-------- Records supplied

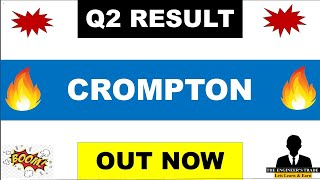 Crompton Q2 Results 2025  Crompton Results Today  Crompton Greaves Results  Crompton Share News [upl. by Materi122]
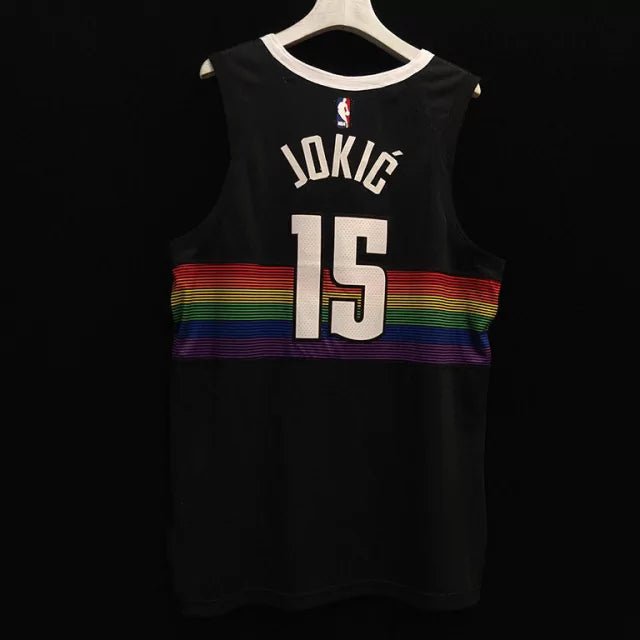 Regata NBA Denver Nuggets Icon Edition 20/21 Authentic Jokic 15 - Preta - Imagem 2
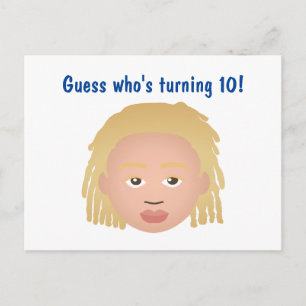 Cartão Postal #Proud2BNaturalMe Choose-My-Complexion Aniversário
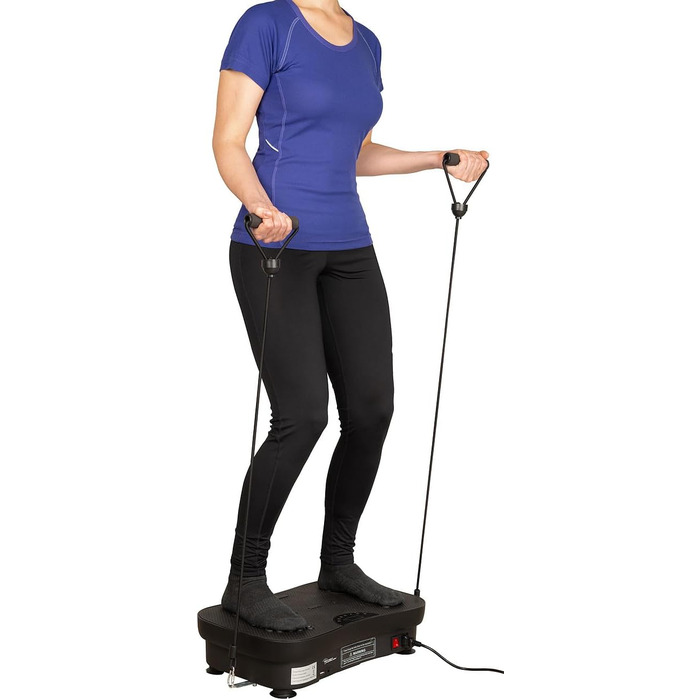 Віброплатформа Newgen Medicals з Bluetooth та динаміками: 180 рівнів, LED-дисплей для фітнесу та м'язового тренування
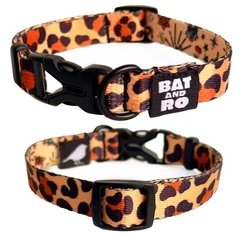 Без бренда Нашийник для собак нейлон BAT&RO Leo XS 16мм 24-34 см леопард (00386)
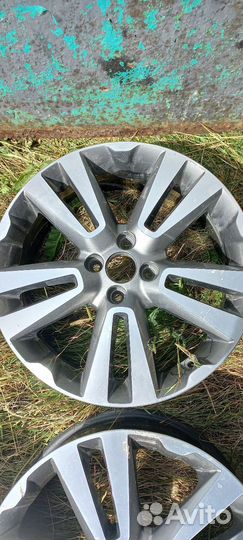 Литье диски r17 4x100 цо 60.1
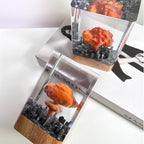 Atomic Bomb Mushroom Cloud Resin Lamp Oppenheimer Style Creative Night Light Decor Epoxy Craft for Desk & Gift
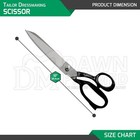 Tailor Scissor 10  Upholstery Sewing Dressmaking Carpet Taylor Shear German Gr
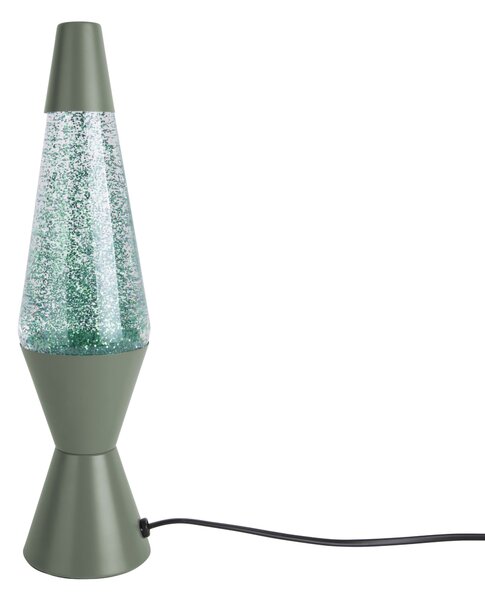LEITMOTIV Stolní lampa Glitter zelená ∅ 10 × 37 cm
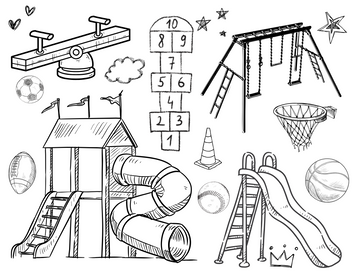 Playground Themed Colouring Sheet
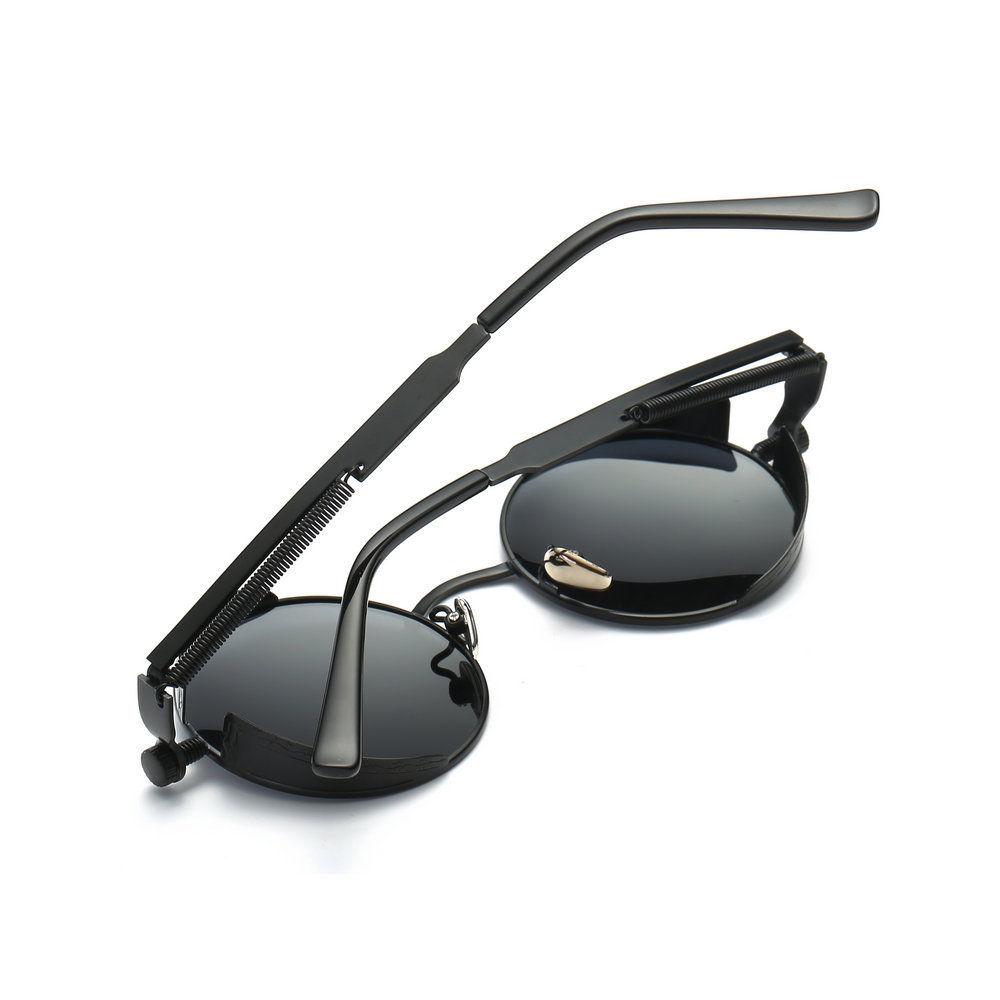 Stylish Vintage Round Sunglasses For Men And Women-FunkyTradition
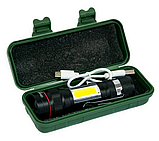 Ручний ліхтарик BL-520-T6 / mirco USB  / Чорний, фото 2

----------------
-------- Records supplied

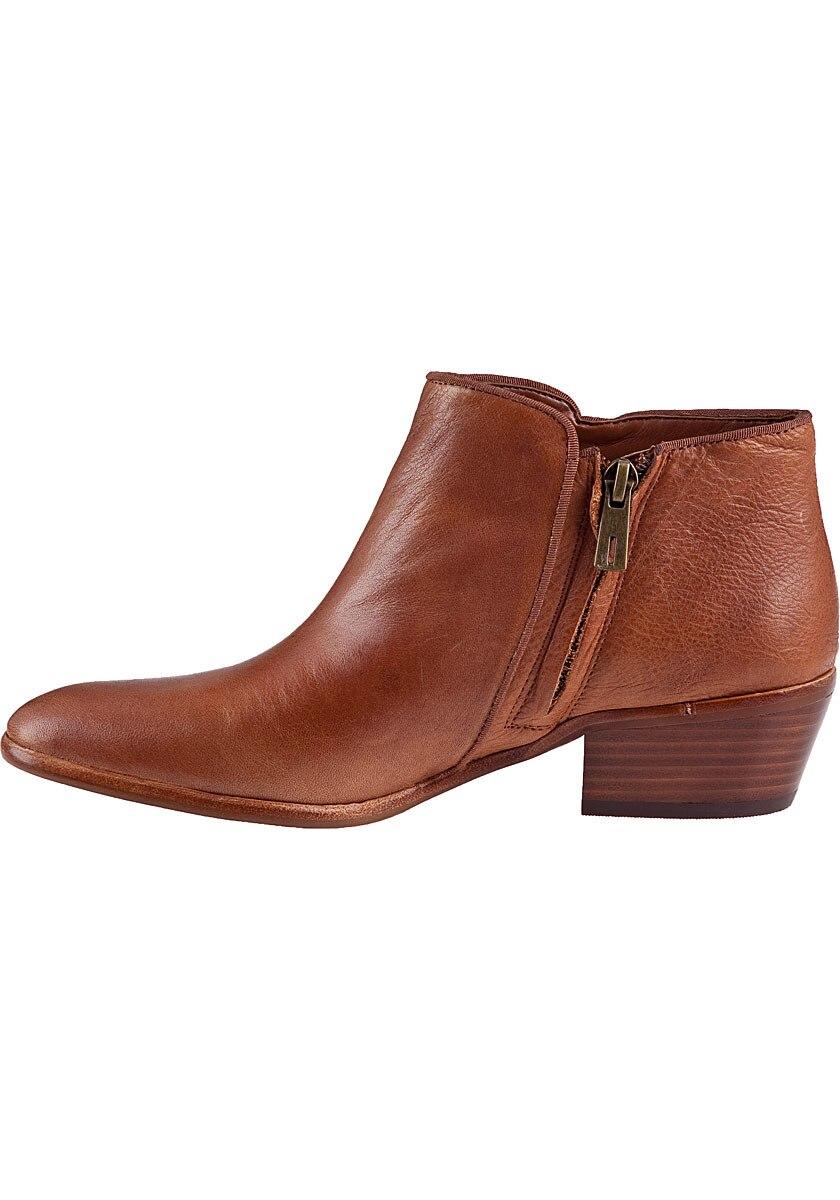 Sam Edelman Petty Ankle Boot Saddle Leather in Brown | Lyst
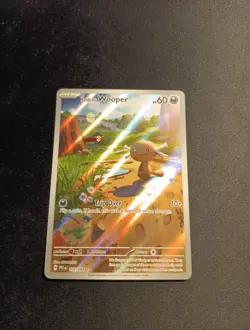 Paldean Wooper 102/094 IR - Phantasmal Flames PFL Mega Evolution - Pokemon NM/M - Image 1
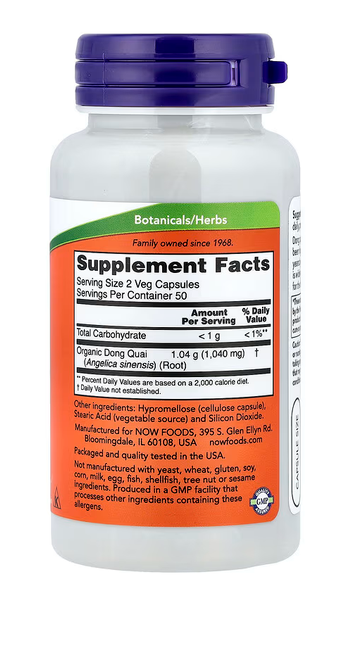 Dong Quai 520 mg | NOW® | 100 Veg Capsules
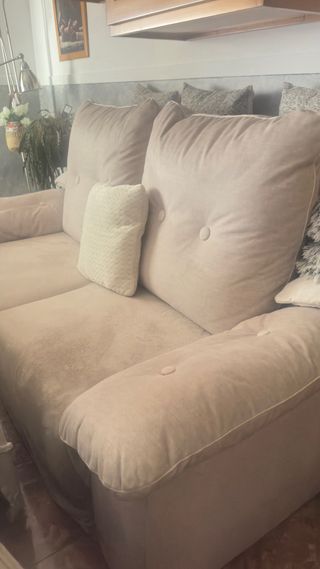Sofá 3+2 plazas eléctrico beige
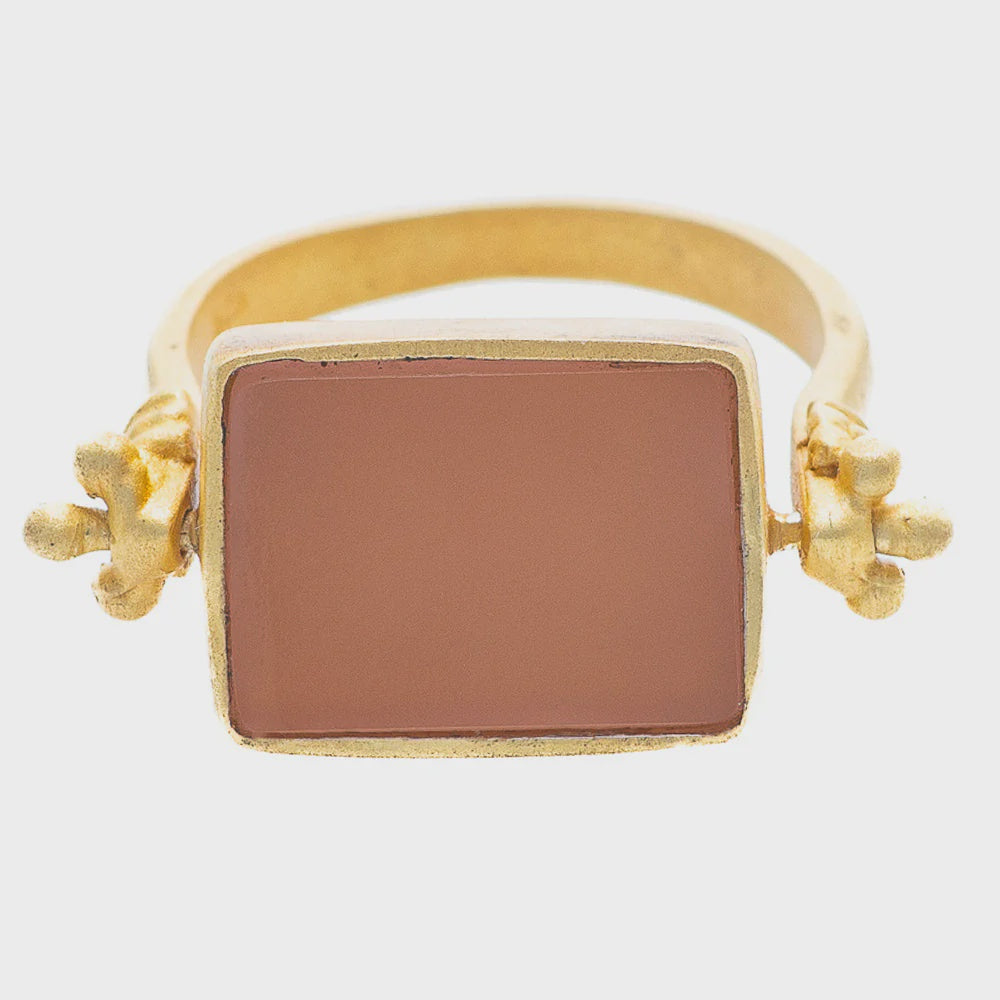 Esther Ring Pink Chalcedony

----------------

When you reach the line holding "Paldean Wooper 102/094" in the listing above, begin retyping exactly, and stop once the line holding "Esther Ring Pink Chalcedony" is done; pictures stay out.

» Answer to the exercise
 Paldean Wooper 102/094 IR - Phantasmal Flames PFL Mega Evolution - Pokemon NM/M - Image 1
 Dong Quai 520 mg | NOW® | 100 Veg Capsules
Sofá 3+2 plazas eléctrico beige
 Esther Ring Pink Chalcedony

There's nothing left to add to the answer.